Equality, Justice, and Freedom by The Elephant's Child

The ongoing war between the right and the left, words and their meanings play one of the most important roles. There is one kind of justice which is represented by the Constitution, our body of laws and the courts. There is no such thing as “social justice.” “Equality” is another. No matter how you try and what orders you issue, you cannot make people equal. We are all different. Some are fat, some thin, some smart, some not. “Equality” is only possible before the Law and all the blather about “feelings” makes that pretty iffy as well.  Thomas Sowell explains:

The 1998 Wriston Lecture:  Thomas Sowell PhD

…The school’s principal flatly refused, saying, “it would be a violation of the principles of social justice” if this boy would collect material above the level of other fourth graders.

A similar conception of social justice was expressed by a long-time dean of admissions at Stanford University. She said that she never required applicants to submit achievement test scores because, “requiring such tests could unfairly penalize disadvantaged students in the college admissions process” since such students “through no fault of their own often find themselves in high schools that provide inadequate preparation for the achievement tests.”

The key phrase here is “through no fault of their own.” One of the recurring themes in discussions of social justice. The conception of justice underlying both these decisions and many other decisions in many other areas besides education is that individual windfall, plus or minus, are not to be allowed to determine outcome. Whether these windfalls are caused by nature or by society, they are not to be tolerated by those with this conception of justice.

Moreover, this is an increasingly accepted notion of justice, at least among political and opinion-shaping elite. Perhaps even more ominously, there is the conception of justice, whose radical differences from traditional concepts of justice are seldom explored.

Traditional notions of justice or fairness involve subjecting everyone to the same rules and judging them all by the same standards, regardless of what outcome that leads to. A fair fight is one in which both combatants observe the same rules, whether that fight ends in a draw or in a one-sided beating.

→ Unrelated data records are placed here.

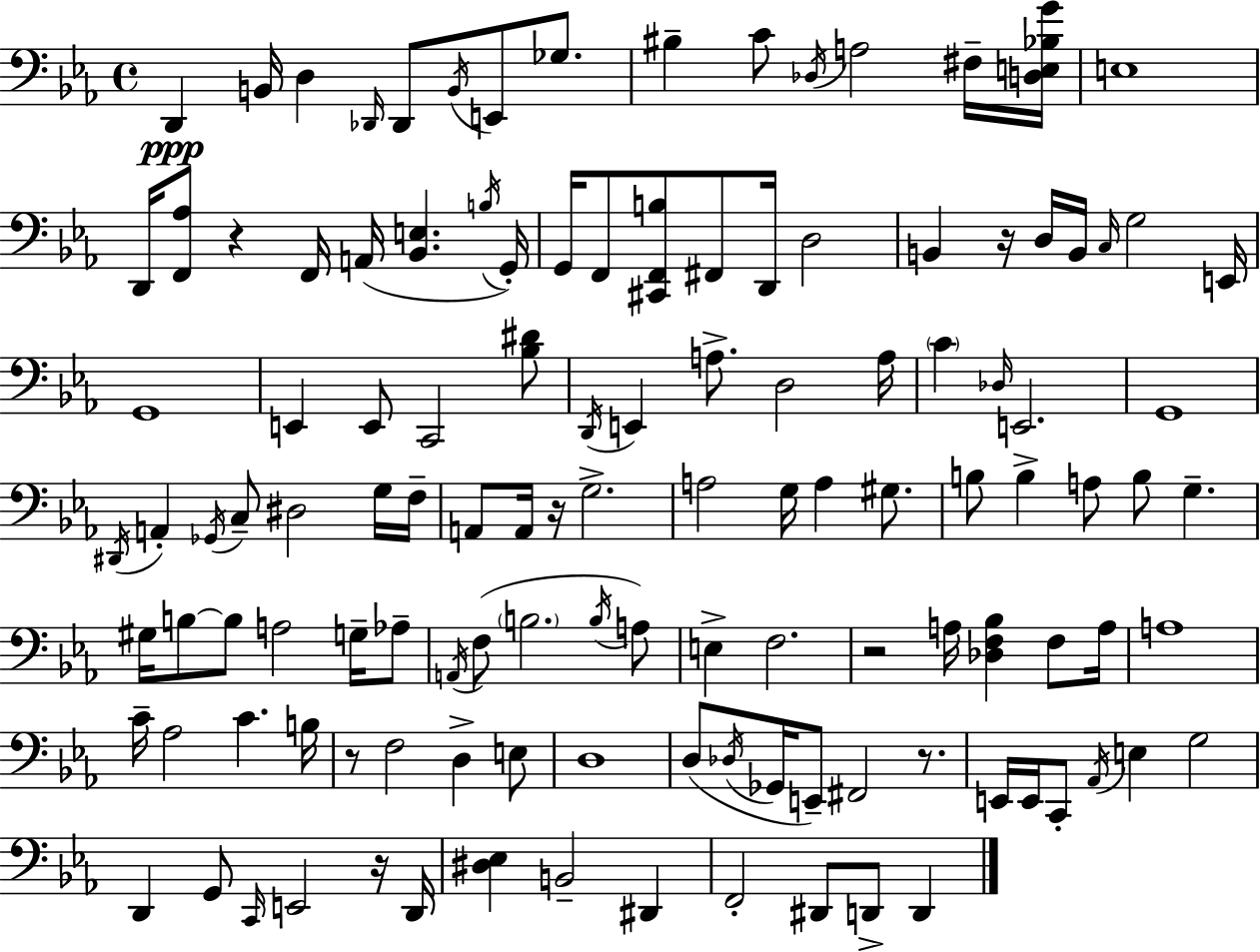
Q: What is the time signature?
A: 4/4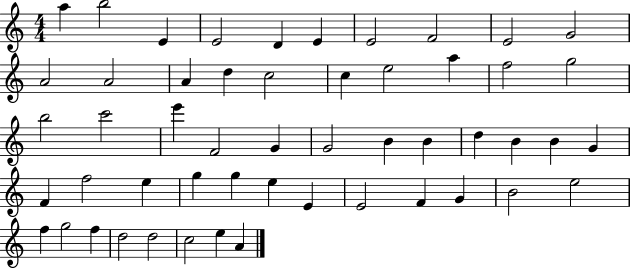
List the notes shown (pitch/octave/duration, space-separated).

A5/q B5/h E4/q E4/h D4/q E4/q E4/h F4/h E4/h G4/h A4/h A4/h A4/q D5/q C5/h C5/q E5/h A5/q F5/h G5/h B5/h C6/h E6/q F4/h G4/q G4/h B4/q B4/q D5/q B4/q B4/q G4/q F4/q F5/h E5/q G5/q G5/q E5/q E4/q E4/h F4/q G4/q B4/h E5/h F5/q G5/h F5/q D5/h D5/h C5/h E5/q A4/q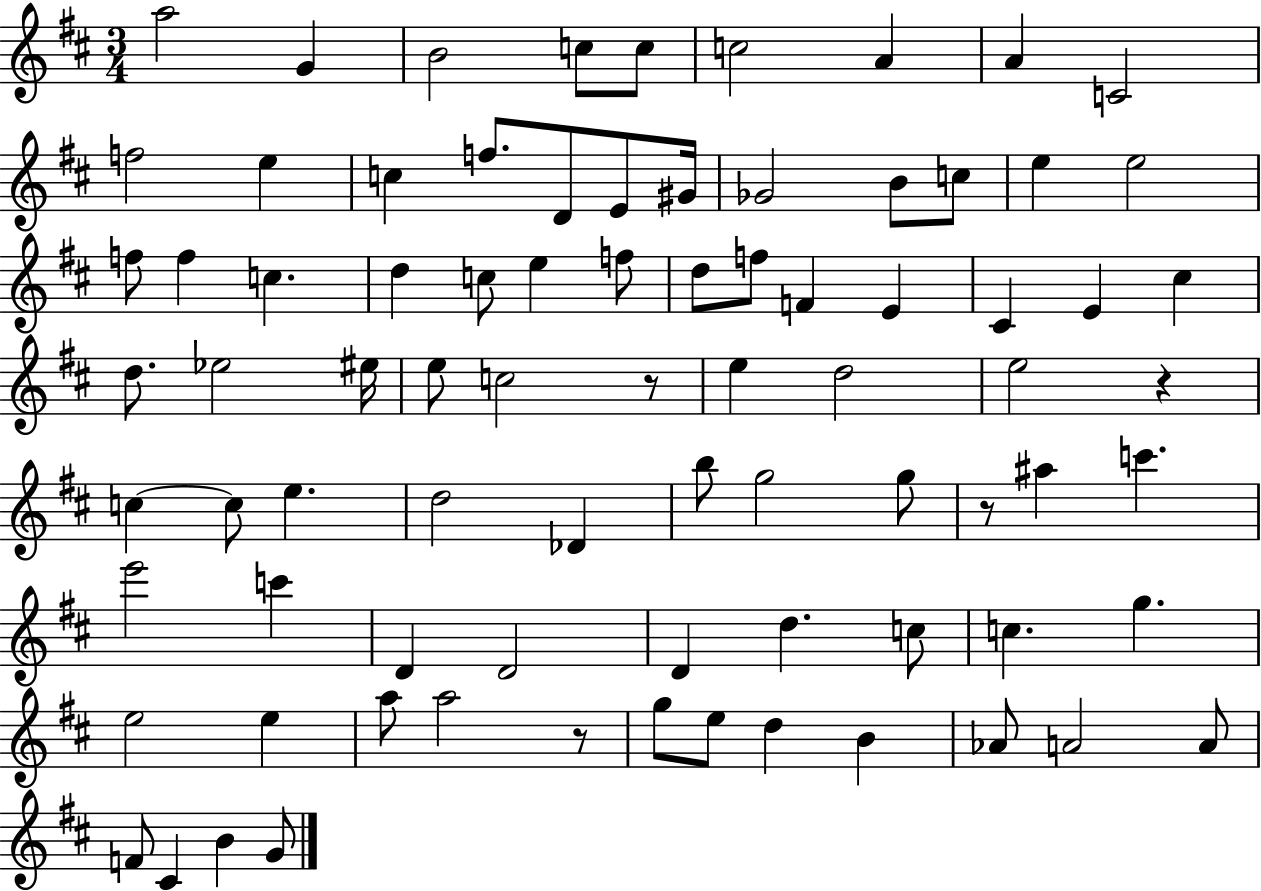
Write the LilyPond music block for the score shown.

{
  \clef treble
  \numericTimeSignature
  \time 3/4
  \key d \major
  \repeat volta 2 { a''2 g'4 | b'2 c''8 c''8 | c''2 a'4 | a'4 c'2 | \break f''2 e''4 | c''4 f''8. d'8 e'8 gis'16 | ges'2 b'8 c''8 | e''4 e''2 | \break f''8 f''4 c''4. | d''4 c''8 e''4 f''8 | d''8 f''8 f'4 e'4 | cis'4 e'4 cis''4 | \break d''8. ees''2 eis''16 | e''8 c''2 r8 | e''4 d''2 | e''2 r4 | \break c''4~~ c''8 e''4. | d''2 des'4 | b''8 g''2 g''8 | r8 ais''4 c'''4. | \break e'''2 c'''4 | d'4 d'2 | d'4 d''4. c''8 | c''4. g''4. | \break e''2 e''4 | a''8 a''2 r8 | g''8 e''8 d''4 b'4 | aes'8 a'2 a'8 | \break f'8 cis'4 b'4 g'8 | } \bar "|."
}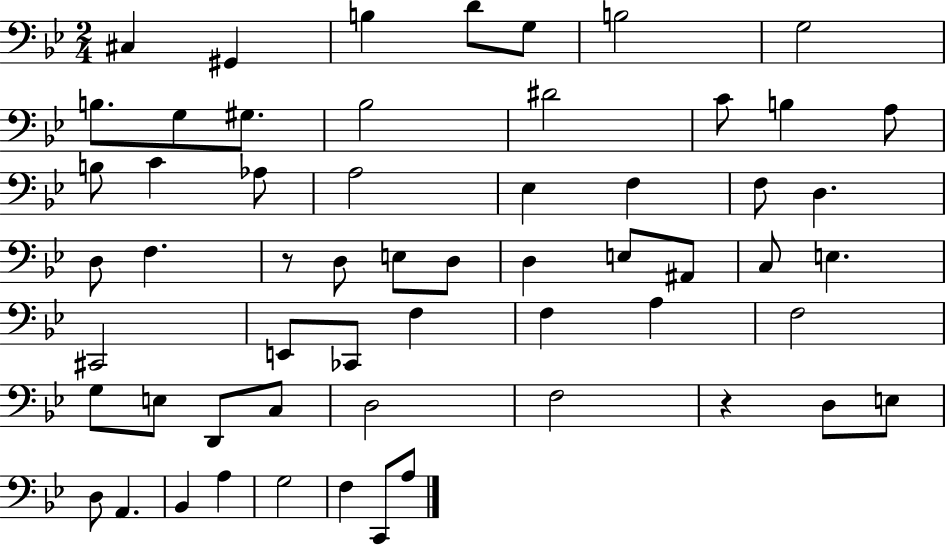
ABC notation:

X:1
T:Untitled
M:2/4
L:1/4
K:Bb
^C, ^G,, B, D/2 G,/2 B,2 G,2 B,/2 G,/2 ^G,/2 _B,2 ^D2 C/2 B, A,/2 B,/2 C _A,/2 A,2 _E, F, F,/2 D, D,/2 F, z/2 D,/2 E,/2 D,/2 D, E,/2 ^A,,/2 C,/2 E, ^C,,2 E,,/2 _C,,/2 F, F, A, F,2 G,/2 E,/2 D,,/2 C,/2 D,2 F,2 z D,/2 E,/2 D,/2 A,, _B,, A, G,2 F, C,,/2 A,/2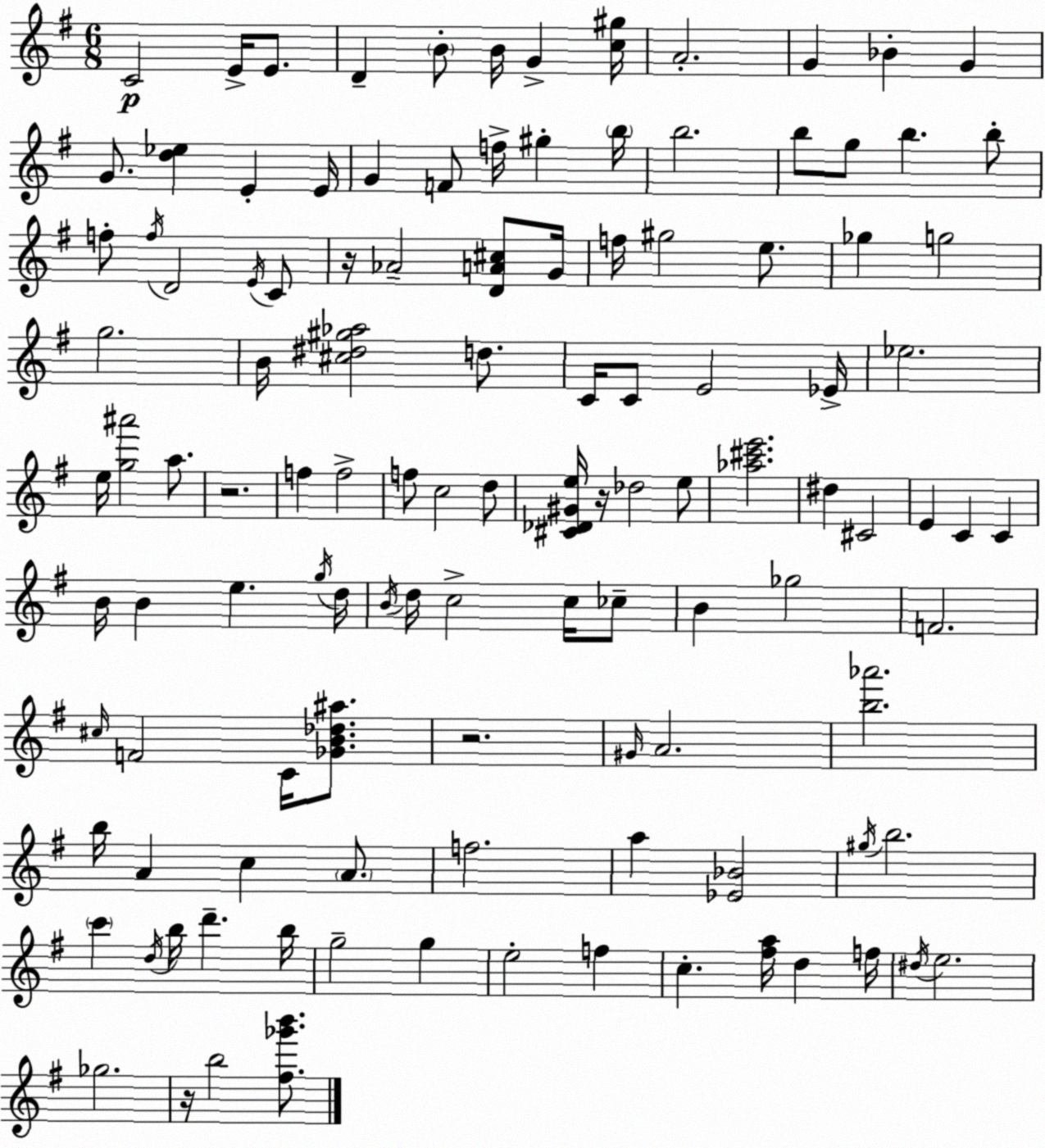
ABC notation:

X:1
T:Untitled
M:6/8
L:1/4
K:G
C2 E/4 E/2 D B/2 B/4 G [c^g]/4 A2 G _B G G/2 [d_e] E E/4 G F/2 f/4 ^g b/4 b2 b/2 g/2 b b/2 f/2 f/4 D2 E/4 C/2 z/4 _A2 [DA^c]/2 G/4 f/4 ^g2 e/2 _g g2 g2 B/4 [^c^d^g_a]2 d/2 C/4 C/2 E2 _E/4 _e2 e/4 [g^a']2 a/2 z2 f f2 f/2 c2 d/2 [^C_D^Ge]/4 z/4 _d2 e/2 [_a^c'e']2 ^d ^C2 E C C B/4 B e g/4 d/4 B/4 d/4 c2 c/4 _c/2 B _g2 F2 ^c/4 F2 C/4 [_GB_d^a]/2 z2 ^G/4 A2 [b_a']2 b/4 A c A/2 f2 a [_E_B]2 ^g/4 b2 c' d/4 b/4 d' b/4 g2 g e2 f c [^fa]/4 d f/4 ^d/4 e2 _g2 z/4 b2 [^f_g'b']/2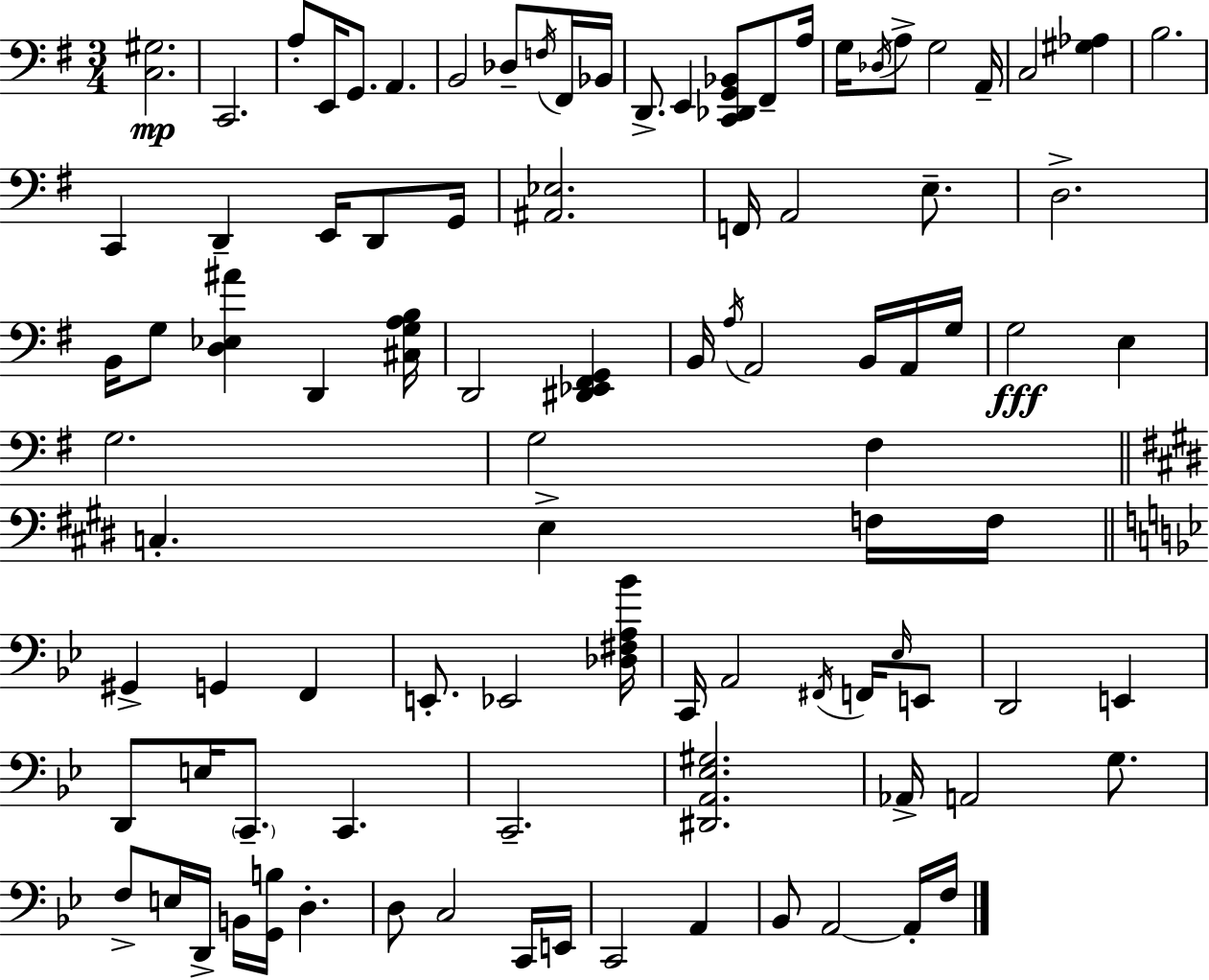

Even more important than considering the relative merits of these two conceptions of justice is being crystal clear that they are not only very different, but mutually incompatible. John Rawls’ [phonetic] celebrated treatise, “The Theory of Justice,” declares that “undeserved inequalities call for redress” in order to produce “genuine equality of opportunity.”

According to Rawls, this is fair, as opposed to formal equality of opportunity. From this point of view, it is merely a formality, a deceptive appearance to have everyone play by the same rules and be judged by the same standards. When all sorts of social, cultural and genetic influences make the likelihood of success that is called life chances so radically different from one individual to another and from one group to another.

Applying the same rules for everyone in baseball means that Mark McGwire will hit seventy home runs, many other players will not even hit half that many, and some not even a tenth as many. Moreover, McGwire’s huge size, not to mention pharmaceutical supplements, ensure that most other people have no realistic possibility of achieving the same goals. This is just one of the many areas where neutral rules ensure “unjust outcomes” by this particular conception of justice.

As a philosopher, Thomas Nagel put it, the range of possibilities or likely courses of life that are open to a given individual are limited to a considerable extent by birth, which includes not only the social class and home environment into which he happened to be born, but also his genetic endowment. From a moral point of view, Professor Nagel said, there is nothing wrong with the state tinkering with that distribution of life chances, which distribution does not have any moral sanctity.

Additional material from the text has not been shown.